◆ RECORDED INFORMATION:
§ §

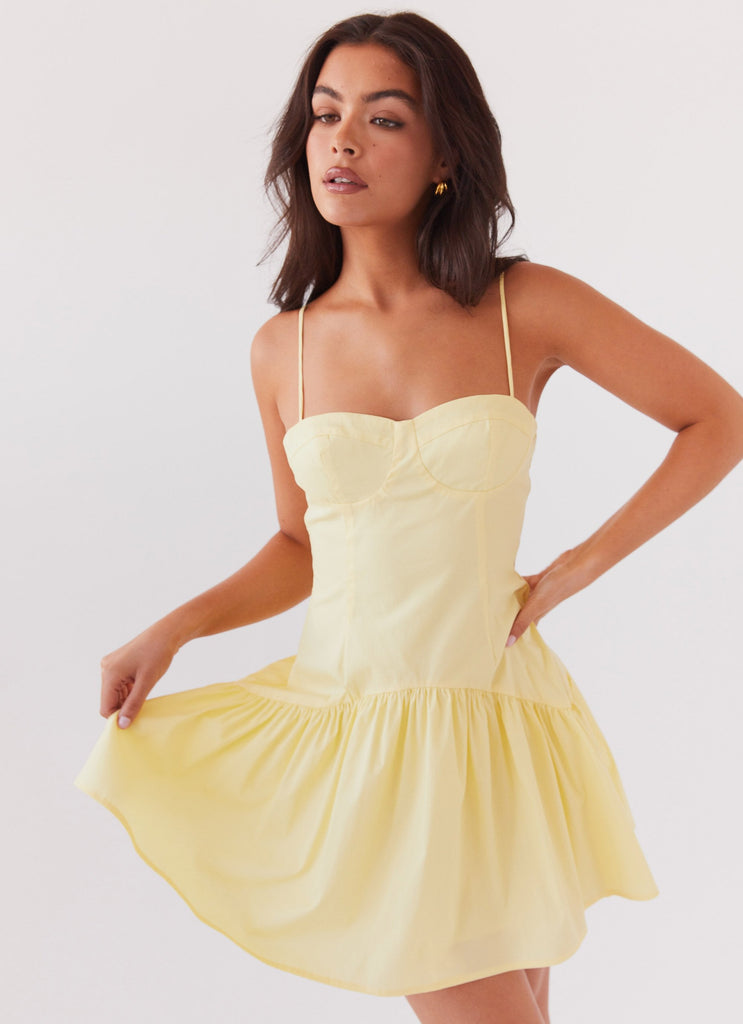 Womens Endless Summer Mini Dress in the colour Canary in front of a light grey background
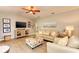 Comfortable living room with ample seating and wood-look floors at 6706 22Nd W Ave, Bradenton, FL 34209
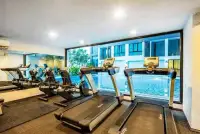 1 Bedroom Condo for Sale at The Rizin Hotel & Residences fitness center with treadmills overlooking pool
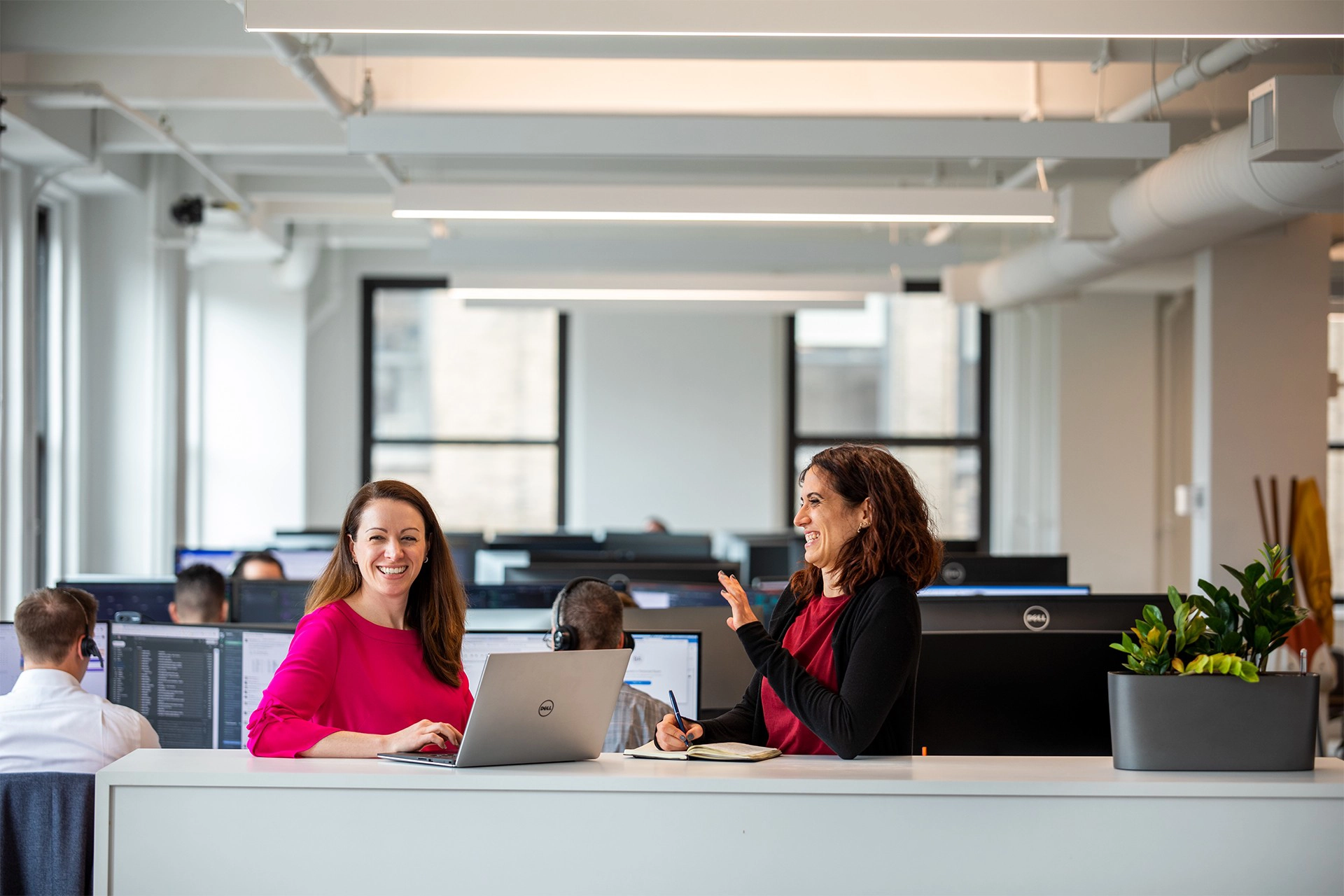 Two women laughing at Adaptive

§ §

◆ TASK REQUIREMENTS: Write out all the data exactly, minus pictures.

◆ EXERCISE RESPONSE:
 Womens Endless Summer Mini Dress in the colour Canary in front of a light grey background
 Comfortable living room with ample seating and wood-look floors at 6706 22Nd W Ave, Bradenton, FL 34209
 1 Bedroom Condo for Sale at The Rizin Hotel & Residences fitness center with treadmills overlooking pool
 Two women laughing at Adaptive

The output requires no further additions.